While Cisco Mail was “well received,” Cisco found that customers were not interested in hosted e-mail as much as they cared about “social software and video,” Cisco said in a Feb. 22 blog post announcing the decision. Cisco declined to provide further details.
“We’ve since learned that customers have come to view e-mail as a mature and commoditized tool versus a long-term differentiated element of their collaboration strategy,” wrote Debra Chrapaty on the blog.
Cisco originally launched Cisco Mail in November 2009 because customers said they were interested in “divesting responsibility” for managing e-mail in the same way they switched to using WebEx for Web conferencing, according to Chrapaty.

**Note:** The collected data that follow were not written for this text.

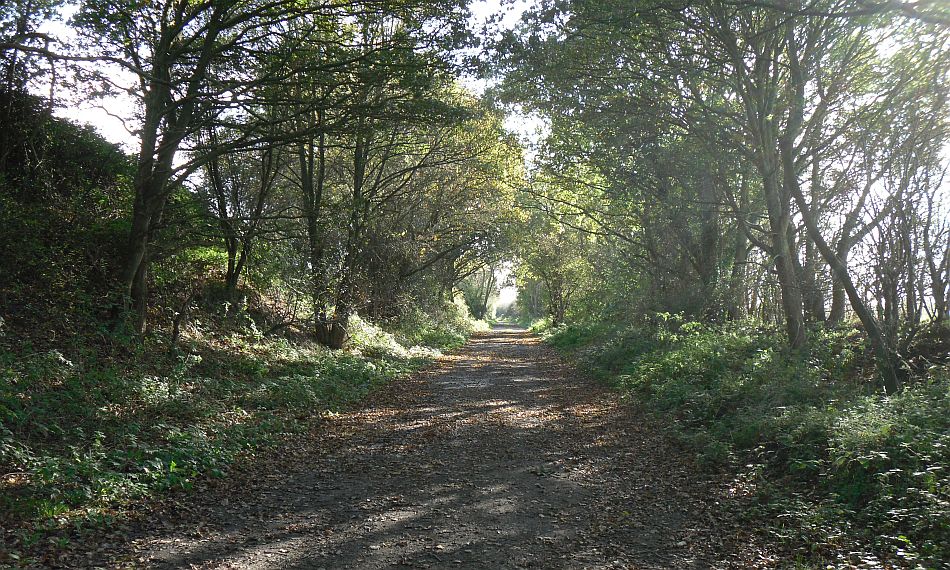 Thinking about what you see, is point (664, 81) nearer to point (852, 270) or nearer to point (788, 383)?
point (852, 270)

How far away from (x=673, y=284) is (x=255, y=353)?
1231 centimetres

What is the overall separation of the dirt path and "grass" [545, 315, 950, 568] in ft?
2.09

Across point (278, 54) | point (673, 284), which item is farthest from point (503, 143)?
point (278, 54)

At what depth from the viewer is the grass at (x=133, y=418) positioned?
17.0ft

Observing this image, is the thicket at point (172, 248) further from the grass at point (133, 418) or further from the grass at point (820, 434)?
the grass at point (820, 434)

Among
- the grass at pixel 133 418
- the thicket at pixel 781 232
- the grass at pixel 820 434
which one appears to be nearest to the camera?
the grass at pixel 820 434

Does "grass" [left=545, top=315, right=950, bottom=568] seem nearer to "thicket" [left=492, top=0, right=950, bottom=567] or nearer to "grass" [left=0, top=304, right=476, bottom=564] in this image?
"thicket" [left=492, top=0, right=950, bottom=567]

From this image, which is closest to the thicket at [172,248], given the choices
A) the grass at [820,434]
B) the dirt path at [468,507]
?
the dirt path at [468,507]

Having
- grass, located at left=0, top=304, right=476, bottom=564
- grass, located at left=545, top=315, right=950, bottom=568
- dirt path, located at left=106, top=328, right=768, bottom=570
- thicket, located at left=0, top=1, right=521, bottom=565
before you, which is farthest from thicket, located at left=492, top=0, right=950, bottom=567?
grass, located at left=0, top=304, right=476, bottom=564

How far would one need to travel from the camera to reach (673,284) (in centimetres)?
1798

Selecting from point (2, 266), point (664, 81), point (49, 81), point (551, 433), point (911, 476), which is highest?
point (664, 81)

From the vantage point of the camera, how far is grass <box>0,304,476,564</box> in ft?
17.0

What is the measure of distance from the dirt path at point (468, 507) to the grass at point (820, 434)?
2.09ft

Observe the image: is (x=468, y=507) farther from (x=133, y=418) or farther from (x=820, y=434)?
(x=133, y=418) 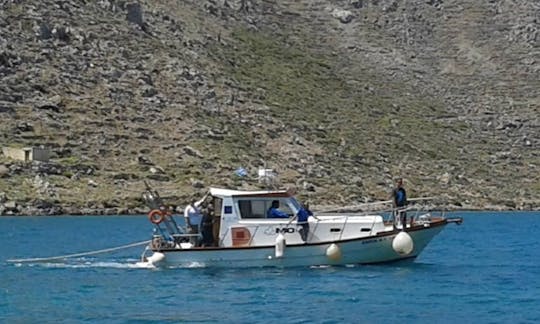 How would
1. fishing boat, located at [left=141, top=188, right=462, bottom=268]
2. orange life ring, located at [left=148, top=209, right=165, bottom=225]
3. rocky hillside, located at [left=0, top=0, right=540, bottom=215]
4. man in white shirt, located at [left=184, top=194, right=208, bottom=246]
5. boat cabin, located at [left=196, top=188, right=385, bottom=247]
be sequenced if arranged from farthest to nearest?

The service was rolled out via controlled release.
As more customers got used to the concept of cloud computing and saw the benefits, there was demand for additional cloud services, according to Cisco.
Cisco’s move demonstrated the challenge of penetrating a mature market and the difficulty in delivery a complex and demanding cloud-based application service, Matthew Cain, vice-president and lead E-mail analyst at Gartner, wrote in a research note. Cisco invested $250 million in the platform, according to Cain.
Cisco was completing against several established players in collaboration, including Google Apps and Microsoft’s Exchange Online, with far more storage for a lower price. Cisco offered a standard package of $5 per month per user which including Outlook support, Web 2.0 webmail client, e-mail, calendar, with only 5GB storage. In contrast, Google Apps for businesses offered more functionality with 25 GB storage for $50 per user per year. Microsoft offered cloud-based Exchange with 25GB of storage for only $5 per user per month.
Back when Cisco launched Cisco Mail, Cain noted in a research note that there was “rapid price erosion” in the field, as all the vendors were slashing prices. Cisco needed to build out a “price-competitive suite of collaboration services” that included e-mail, instant messaging, Web conferencing and shared workspace, Cain wrote at the time. Launching Cisco Mail was critical to protecting Cisco’s voice-over-IP and WebEx business, he said.
Cisco remains “very committed” to collaboration technology, Chrapaty wrote. The collaboration technology market is valued at about $38 billion, according to Cisco.
However, without e-mail at its core, Cisco will struggle to win customers over to its collaboration services, Cain wrote. Enterprises would rather select a single supplier for their unified communications and collaboration services, he said. To succeed, Cisco needs to “demonstrate value” beyond what Microsoft already delivers, according to Cain.
“It takes away the ability for customers to use Cisco as a single stack collaboration vendor,” said Cain.
Cain also noted that “the incumbent e-mail supplier,” such as Microsoft, is generally in the best position to provide additional collaboration services since enterprises would just bundle in the new products on top of the same infrastructure.
Cisco will assist customers with their transition to other e-mail platforms, whether they find a new hosted provider or go back to an on-premise solution. Cisco will “continue to integrate” other platforms to protect legacy systems and customers will continue to receive support for the remainder of their contracts, Chrapaty said.
The Cisco Mail team will be reassigned to other collaboration products and services that are “more strategic,” Chrapaty said.
Cisco’s biggest challenge would be to convince customers its other cloud initiatives will be around for the long haul, such as the collaboration platform Cisco Quad, its Web-casting and video-sharing application Show and Share as well as its collaboration tool Cisco Pulse, Cain said.
“If Cisco is pulling the plug in such an extensive effort, what reassurances to potential customers have that the same fate does not await other products?” asked Cain.